Confidence intervals within the frequentist paradigm: You are correct that these assertions (warning against interpreting the confidence interval as a probability interval for the parameter) come from the fact that confidence intervals arise in the classical frequentist method, and in that context, the parameter is considered a fixed "unknown constant", not a random variable. There is a relevant probability statement pertaining to the confidence interval, which is:
$$\mathbb{P}(L(\mathbf{X}) \leqslant \mu \leqslant U(\mathbf{X}) \mid \mu) = 1-\alpha,$$
where $L(\mathbf{X})$ and $U(\mathbf{X})$ are bounds formed as functions of the sample data $\mathbf{X}$ (usually via the use of rearrangement of a probability statement about a pivotal quantity). Importantly, the data vector $\mathbf{X}$ is the random variable in this probability statement, and the parameter $\mu$ is treated as a fixed "unknown constant". (I have indicated this by putting it as a conditioning variable, but within the frequentist paradigm you wouldn't even specify this; it would just be implicit.) The confidence interval is derived from this probability statement by taking the observed sample data $\mathbf{x}$ to yield the fixed interval $\text{CI}(1-\alpha) = [ L(\mathbf{x}), U(\mathbf{x}) ]$.

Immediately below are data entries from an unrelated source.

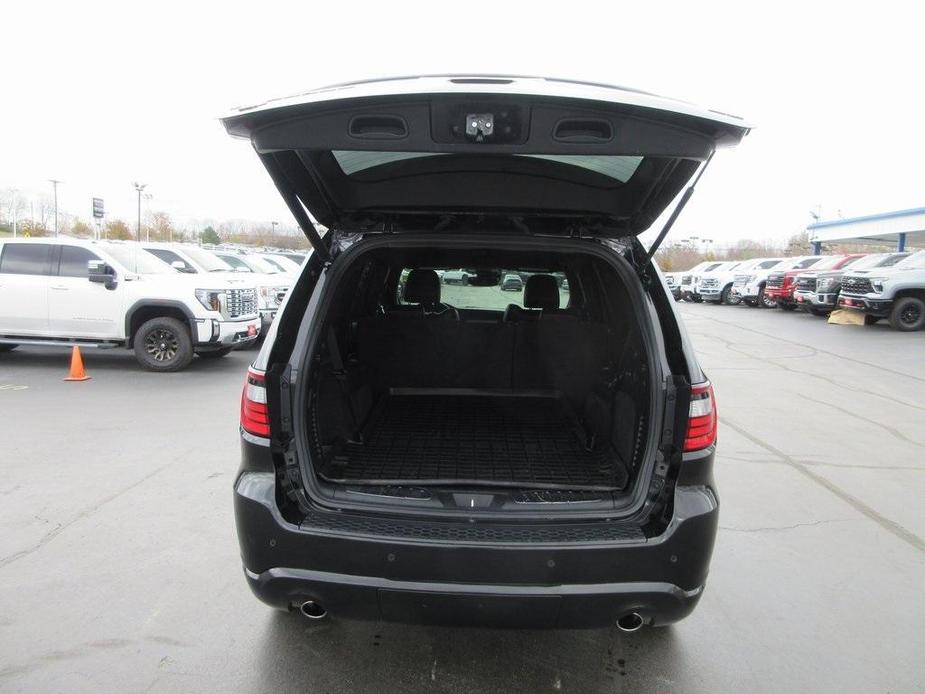 used 2022 Dodge Durango car, priced at $31,995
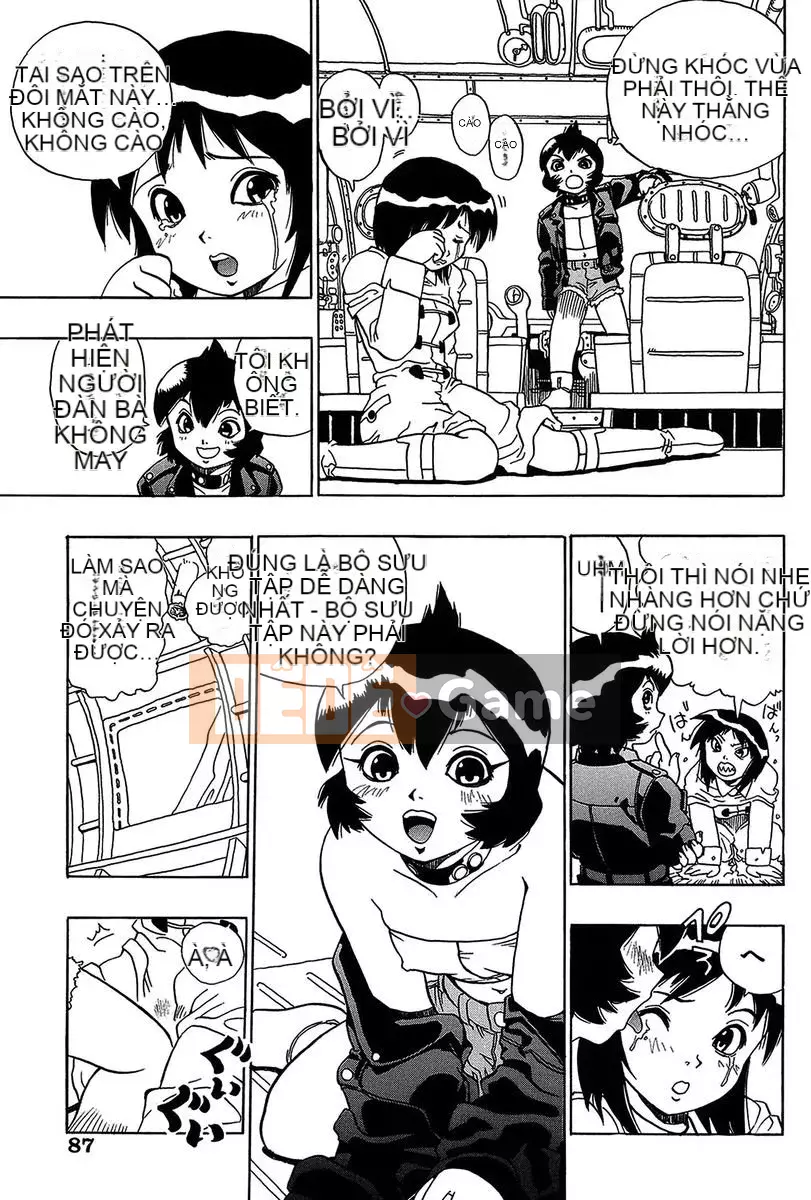 [Penicillin XI] Midare Goichikou-sama [Kỹ thuật số]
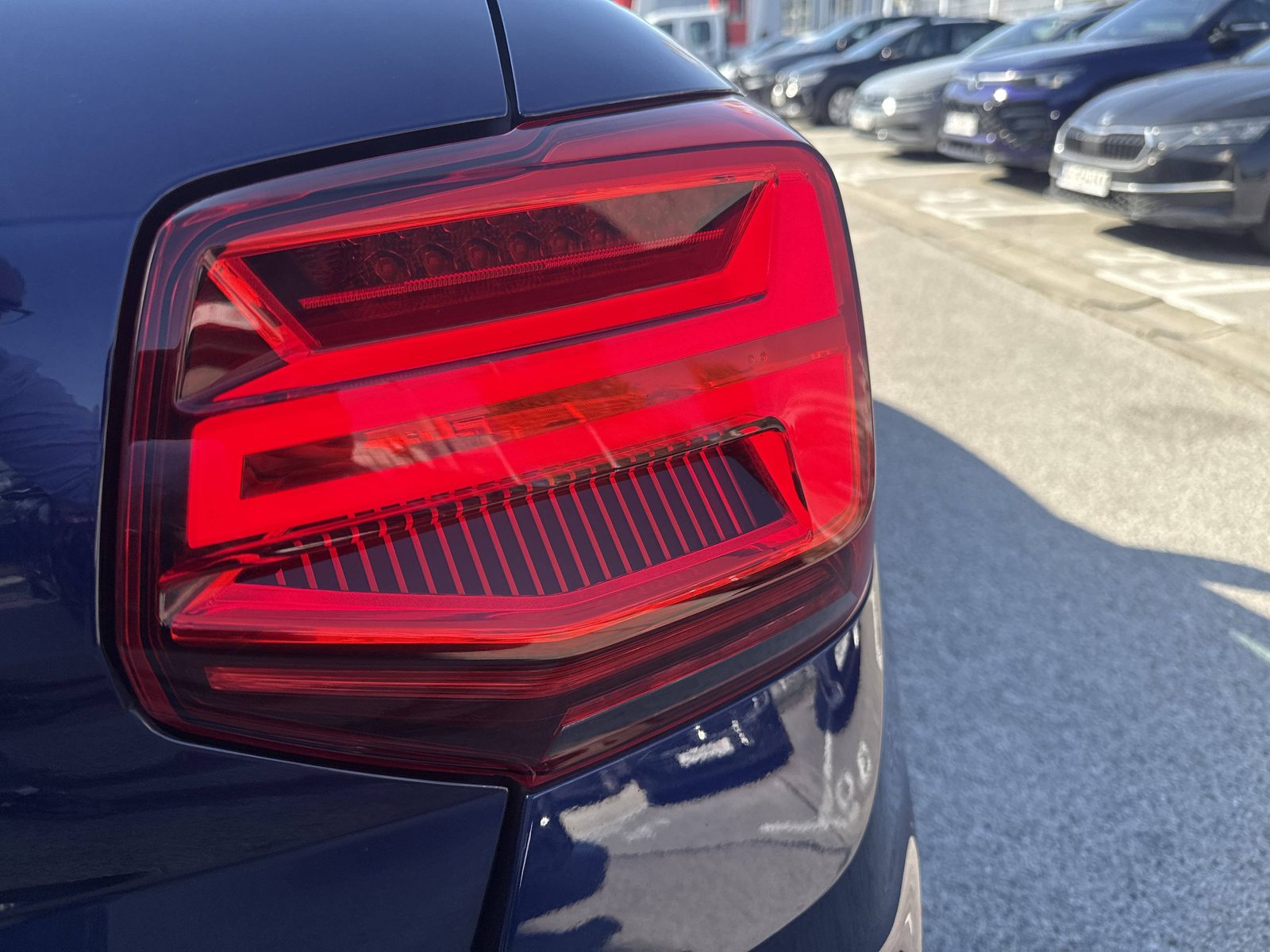 2023 Audi Q2 — fotografija 17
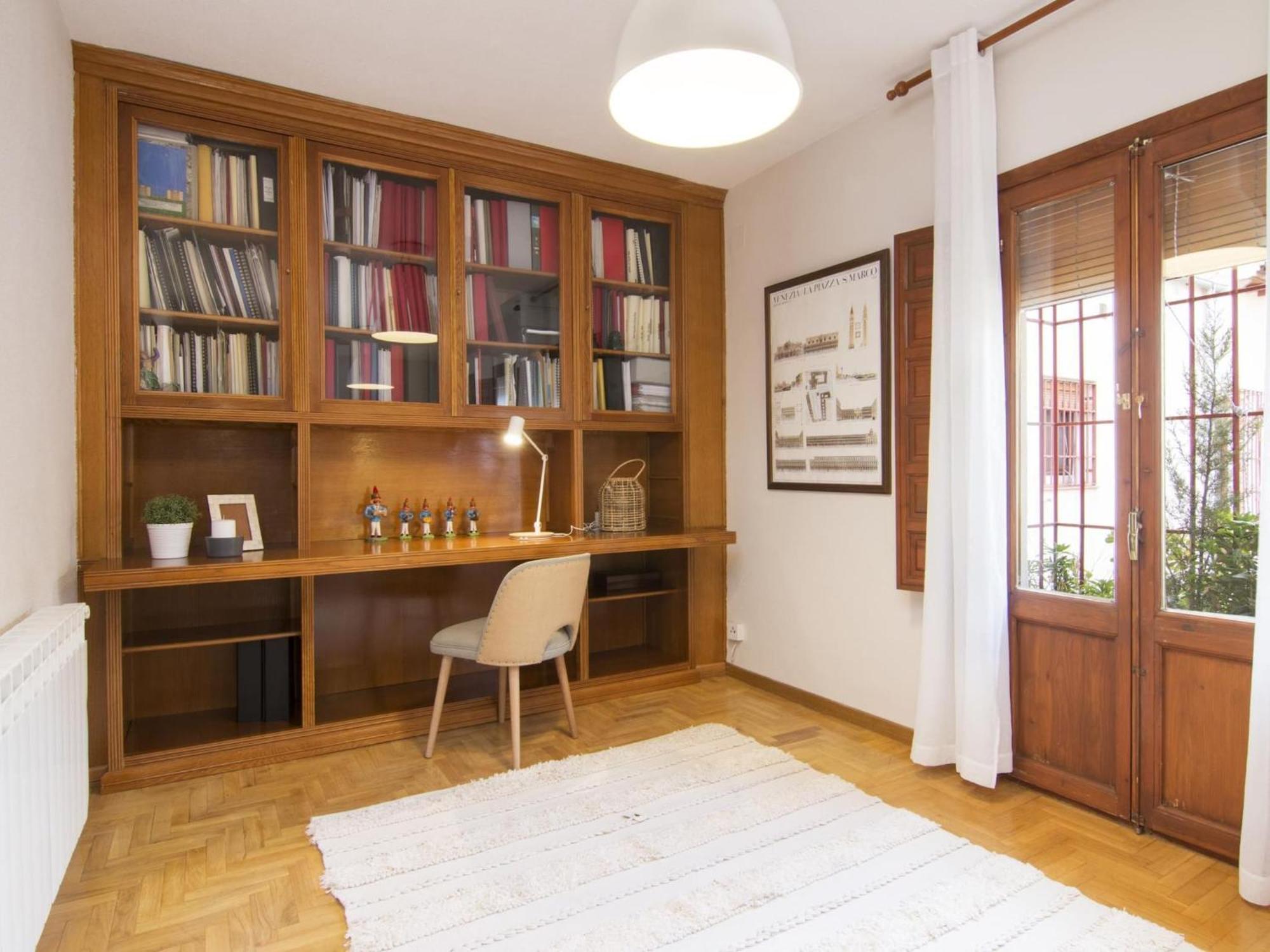 Chezmoihomes Alhambra Penthouse Granada Exterior photo
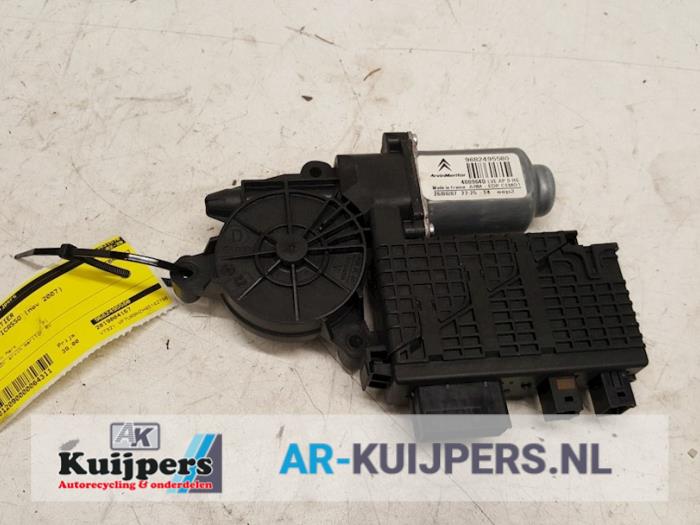 Raammotor Portier - Citroen C4 Grand Picasso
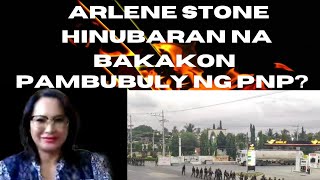 K4SINUNG4LING4N NI ARLENE STONE ALAM8N NATIN PNP BULLY SA KOJC [upl. by Ehtylb]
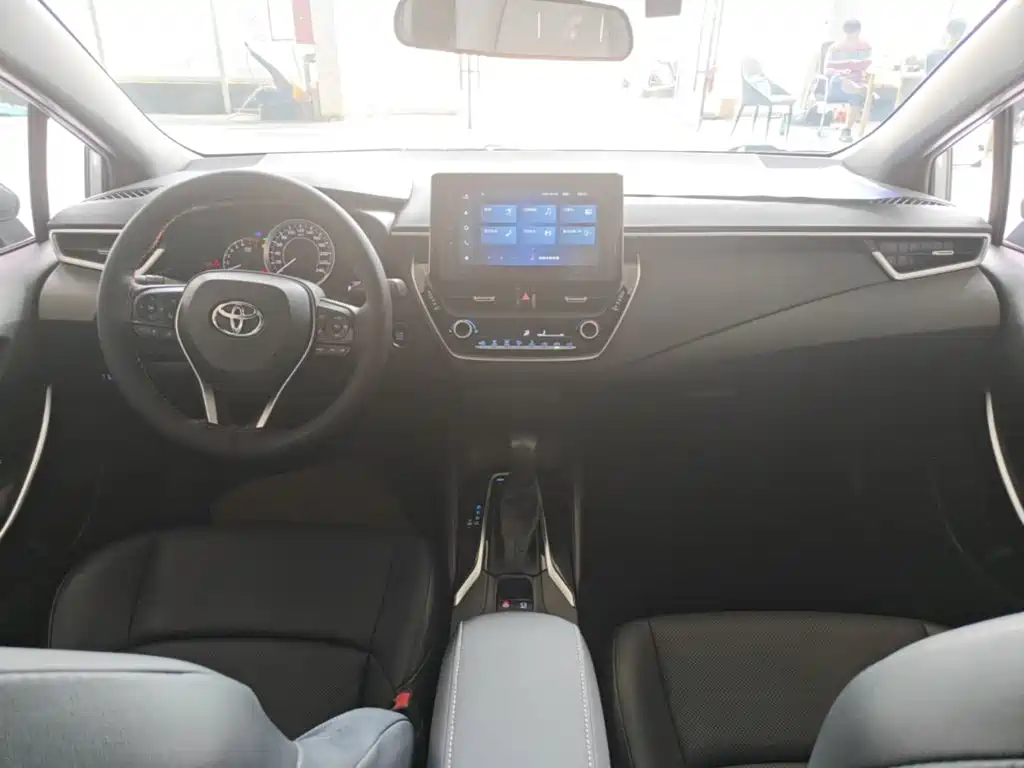 Toyota Levin 2020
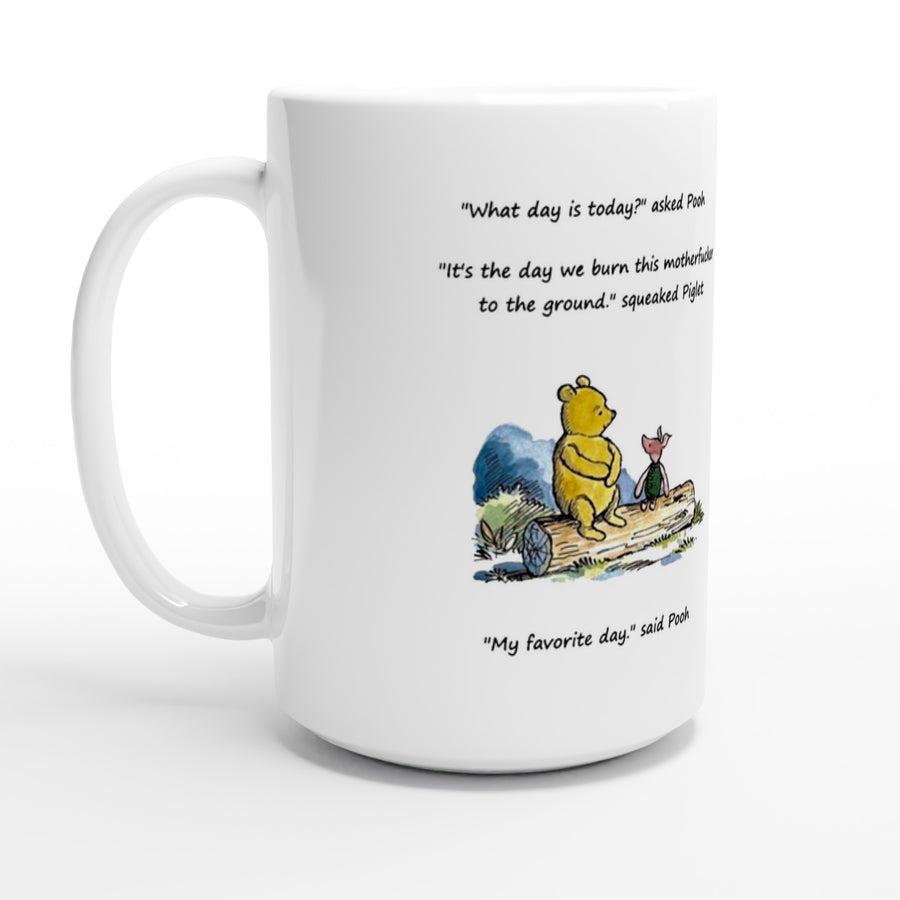 Pooh Mug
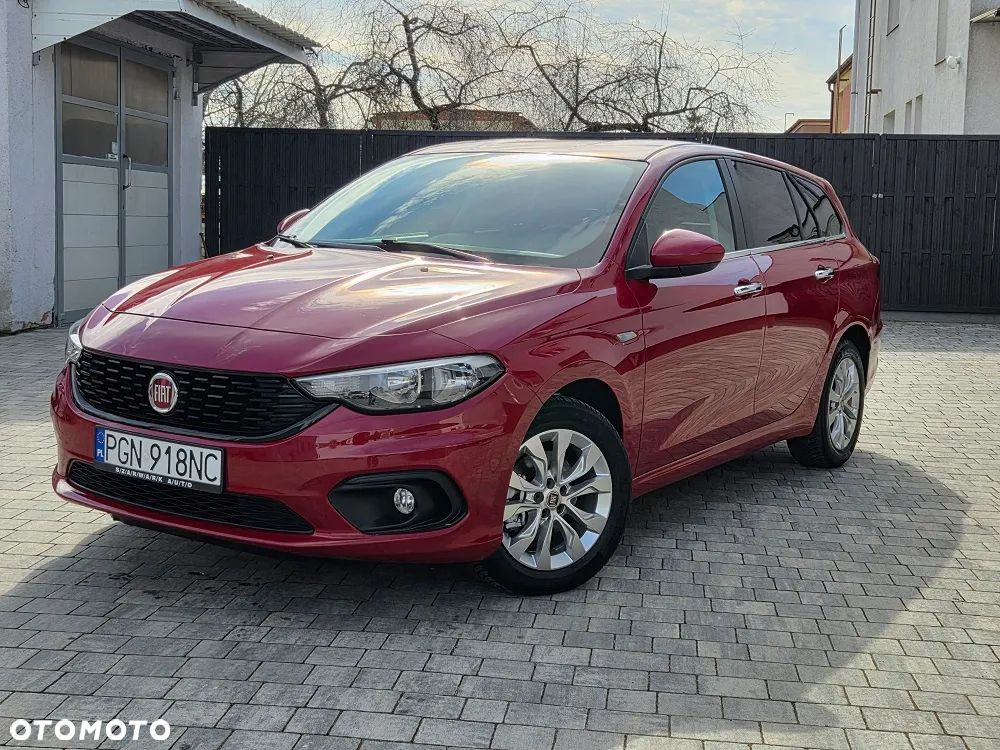 Fiat Tipo 1.4 16v Lounge EU6d - 7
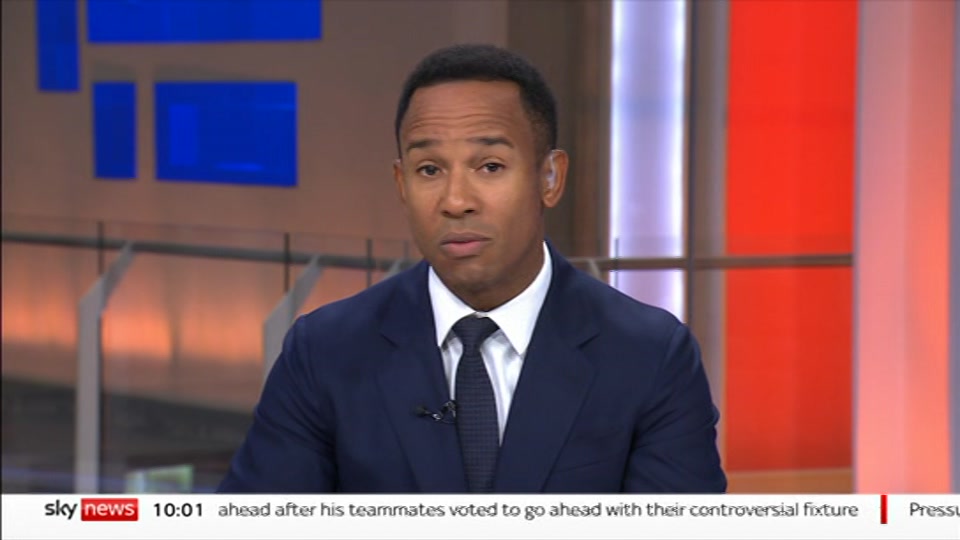 Still from Sky News at 1:30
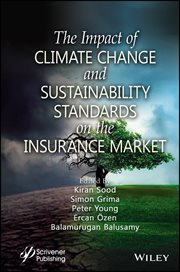 The Impact of Climate Change and Sustainability Standards on the Insurance Market cover image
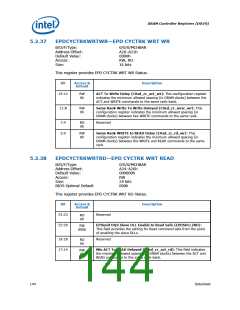 浏览型号317607-001的Datasheet PDF文件第144页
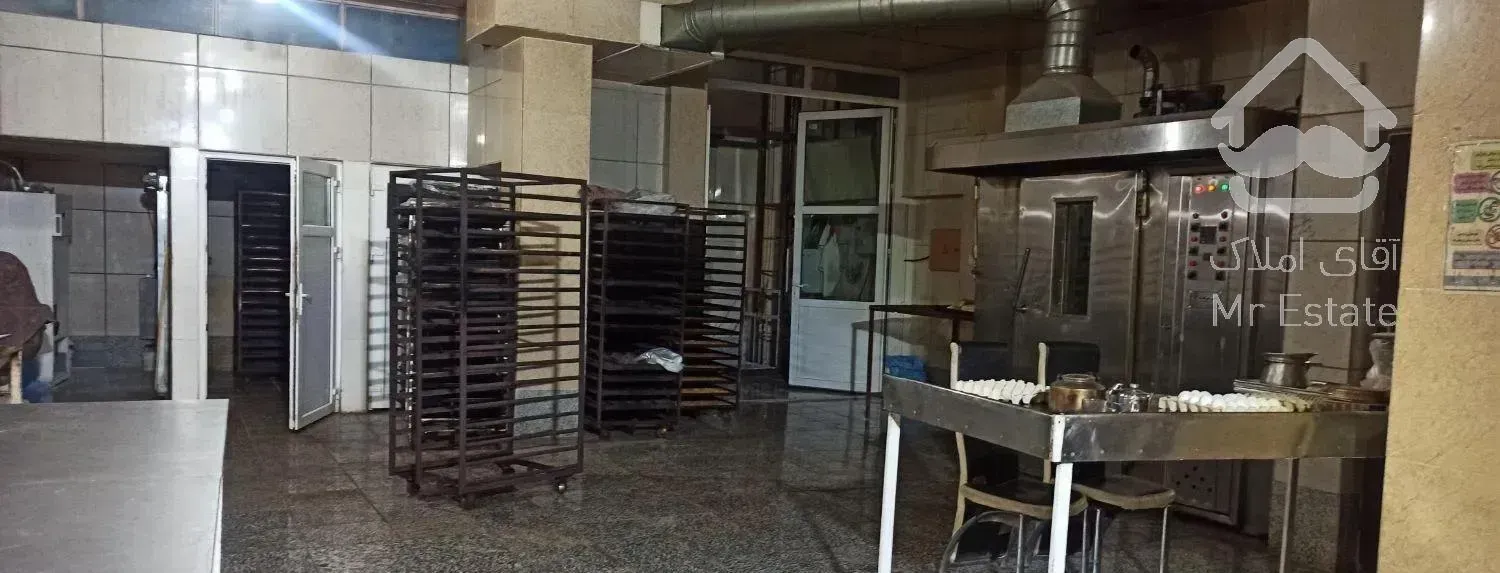 اجاره قنادی و کارگاه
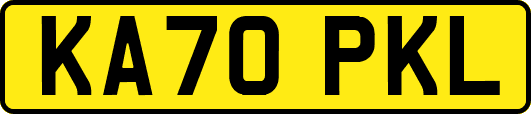 KA70PKL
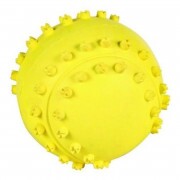 Trixie Játék Gumi Labda Tüskés Sipoló 6cm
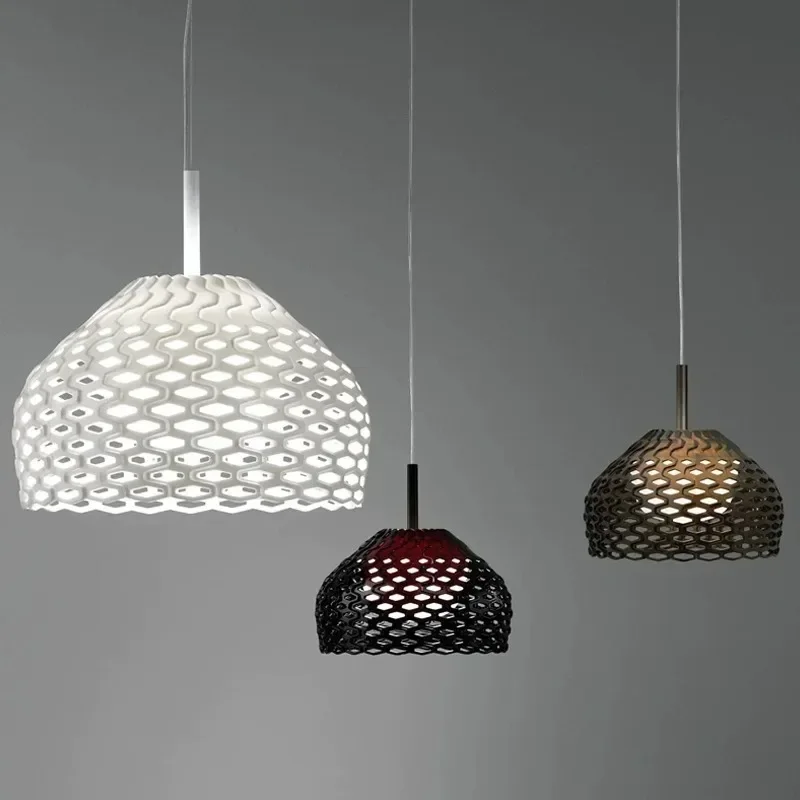 Modern Restaurant Decoration LED Pendant Light Dining Room Minimalist Italian Designer Artistic High-end Honeycomb Hanging Lamp
Modern Restaurant Decoration LED Pendant Light Dining Room Minimalist Italian Designer Artistic High-end Honeycomb Hanging Lamp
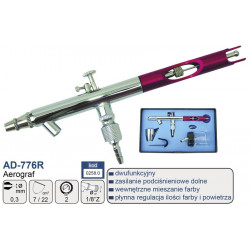 ADLER AEROGRAPH 0,3 mm (...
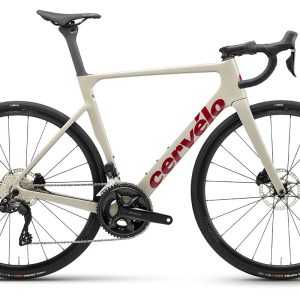 Cervelo Soloist 105 Di2 2025 | Dried Amaranth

The reason for the assertions you are reading is that once you replace the random sample data $\mathbf{X}$ with the observed sample data $\mathbf{x}$, you can no longer make the probability statement analogous to the above. Since the data and parameters are both constants, you now have the trivial statement:
$$\mathbb{P}(L(\mathbf{x}) \leqslant \mu \leqslant U(\mathbf{x})) = \begin{cases} 0 & \text{if } \mu \notin \text{CI}(1-\alpha), \\[6pt] 1 & \text{if } \mu \in \text{CI}(1-\alpha). \end{cases}$$
Confidence intervals within the Bayesian paradigm: If you would prefer to interpret the unknown parameter $\mu$ as a random variable, you are now undertaking a Bayesian treatment of the problem. Although the confidence interval is a procedure formulated within the classical paradigm, it is possible to interpret it within the context of Bayesian analysis.
However, even within the Bayesian context, it is still not valid to assert a posteriori that the CI contains the true parameter with the specified probability. In fact, this posterior probability depends on the prior distribution for the parameter. To see this, we observe that:
$$\mathbb{P}(L(\mathbf{x}) \leqslant \mu \leqslant U(\mathbf{x}) \mid \mathbf{x})
= \int \limits_{L(\mathbf{x})}^{U(\mathbf{x})} \pi(\mu | \mathbf{x}) d\mu = \frac{\int_{L(\mathbf{x})}^{U(\mathbf{x})} L_\mathbf{x}(\mu) \pi(\mu)d\mu}{\int L_\mathbf{x}(\mu) \pi(\mu) d\mu}.$$
This posterior probability depends on the prior, and is not generally equal to $1-\alpha$ (though it may be in some special cases). The initial probability statement used in the confidence interval imposes a restriction on the sampling distribution, which constrains the likelihood function, but it still allows us freedom to choose different priors, yielding different posterior probabilities for the correctness of the interval.
(Note: It is easy to show that $\mathbb{P}(L(\mathbf{X}) \leqslant \mu \leqslant U(\mathbf{X})) = 1-\alpha$ using the law-of-total probability, but this is a prior probability, not a posterior probability, since it does not condition on the data. Thus, within the Bayesian paradigm, we may say a priori that the confidence interval will contain the parameter with the specified probability, but we cannot generally say this a posteriori.)